[Caption-style text data]

----

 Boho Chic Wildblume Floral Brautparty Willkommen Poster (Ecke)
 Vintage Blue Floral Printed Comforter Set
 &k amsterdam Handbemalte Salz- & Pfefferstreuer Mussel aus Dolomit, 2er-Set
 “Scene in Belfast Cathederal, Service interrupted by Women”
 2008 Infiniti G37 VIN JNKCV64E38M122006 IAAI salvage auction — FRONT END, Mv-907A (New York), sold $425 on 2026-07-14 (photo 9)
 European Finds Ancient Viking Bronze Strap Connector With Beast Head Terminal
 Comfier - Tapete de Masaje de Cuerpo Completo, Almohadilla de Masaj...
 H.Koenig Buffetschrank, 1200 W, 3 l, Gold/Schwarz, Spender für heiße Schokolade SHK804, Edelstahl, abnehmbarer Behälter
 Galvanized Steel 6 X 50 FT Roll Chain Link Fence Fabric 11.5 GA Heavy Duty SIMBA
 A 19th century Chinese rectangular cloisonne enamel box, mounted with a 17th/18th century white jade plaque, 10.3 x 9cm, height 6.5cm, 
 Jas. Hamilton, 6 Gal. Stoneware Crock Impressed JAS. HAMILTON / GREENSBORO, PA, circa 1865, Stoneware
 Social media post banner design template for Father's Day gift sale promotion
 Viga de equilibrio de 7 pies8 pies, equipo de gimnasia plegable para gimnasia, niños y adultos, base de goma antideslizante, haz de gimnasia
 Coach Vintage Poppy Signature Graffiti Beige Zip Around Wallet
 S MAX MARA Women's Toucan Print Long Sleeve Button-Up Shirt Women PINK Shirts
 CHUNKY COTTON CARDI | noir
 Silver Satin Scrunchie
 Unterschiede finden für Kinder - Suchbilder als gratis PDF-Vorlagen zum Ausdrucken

----

**TASK GOAL**
Each entry above must be repeated exactly, with nothing dropped.

**ANSWER TO THE PROBLEM**
 Boho Chic Wildblume Floral Brautparty Willkommen Poster (Ecke)
 Vintage Blue Floral Printed Comforter Set
 &k amsterdam Handbemalte Salz- & Pfefferstreuer Mussel aus Dolomit, 2er-Set
 “Scene in Belfast Cathederal, Service interrupted by Women”
 2008 Infiniti G37 VIN JNKCV64E38M122006 IAAI salvage auction — FRONT END, Mv-907A (New York), sold $425 on 2026-07-14 (photo 9)
 European Finds Ancient Viking Bronze Strap Connector With Beast Head Terminal
 Comfier - Tapete de Masaje de Cuerpo Completo, Almohadilla de Masaj...
 H.Koenig Buffetschrank, 1200 W, 3 l, Gold/Schwarz, Spender für heiße Schokolade SHK804, Edelstahl, abnehmbarer Behälter
 Galvanized Steel 6 X 50 FT Roll Chain Link Fence Fabric 11.5 GA Heavy Duty SIMBA
 A 19th century Chinese rectangular cloisonne enamel box, mounted with a 17th/18th century white jade plaque, 10.3 x 9cm, height 6.5cm, 
 Jas. Hamilton, 6 Gal. Stoneware Crock Impressed JAS. HAMILTON / GREENSBORO, PA, circa 1865, Stoneware
 Social media post banner design template for Father's Day gift sale promotion
 Viga de equilibrio de 7 pies8 pies, equipo de gimnasia plegable para gimnasia, niños y adultos, base de goma antideslizante, haz de gimnasia
 Coach Vintage Poppy Signature Graffiti Beige Zip Around Wallet
 S MAX MARA Women's Toucan Print Long Sleeve Button-Up Shirt Women PINK Shirts
 CHUNKY COTTON CARDI | noir
 Silver Satin Scrunchie
 Unterschiede finden für Kinder - Suchbilder als gratis PDF-Vorlagen zum Ausdrucken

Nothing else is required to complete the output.